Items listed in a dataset
┄┄┄┄┄┄┄┄┄┄┄┄┄┄┄┄┄┄┄┄
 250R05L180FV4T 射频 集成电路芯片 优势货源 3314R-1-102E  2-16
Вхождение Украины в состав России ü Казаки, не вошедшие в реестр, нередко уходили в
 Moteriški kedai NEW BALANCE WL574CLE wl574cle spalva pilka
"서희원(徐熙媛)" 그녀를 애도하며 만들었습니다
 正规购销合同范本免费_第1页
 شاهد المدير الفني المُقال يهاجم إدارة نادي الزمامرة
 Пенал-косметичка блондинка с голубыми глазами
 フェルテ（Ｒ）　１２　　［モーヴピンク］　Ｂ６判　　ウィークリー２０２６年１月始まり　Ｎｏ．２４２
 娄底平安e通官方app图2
┄┄┄┄┄┄┄┄┄┄┄┄┄┄┄┄┄┄┄┄
▸ PROBLEM: Repeat the data above in full, word for word.

▸ ANSWER SECTION:
 250R05L180FV4T 射频 集成电路芯片 优势货源 3314R-1-102E  2-16
Вхождение Украины в состав России ü Казаки, не вошедшие в реестр, нередко уходили в
 Moteriški kedai NEW BALANCE WL574CLE wl574cle spalva pilka
"서희원(徐熙媛)" 그녀를 애도하며 만들었습니다
 正规购销合同范本免费_第1页
 شاهد المدير الفني المُقال يهاجم إدارة نادي الزمامرة
 Пенал-косметичка блондинка с голубыми глазами
 フェルテ（Ｒ）　１２　　［モーヴピンク］　Ｂ６判　　ウィークリー２０２６年１月始まり　Ｎｏ．２４２
 娄底平安e通官方app图2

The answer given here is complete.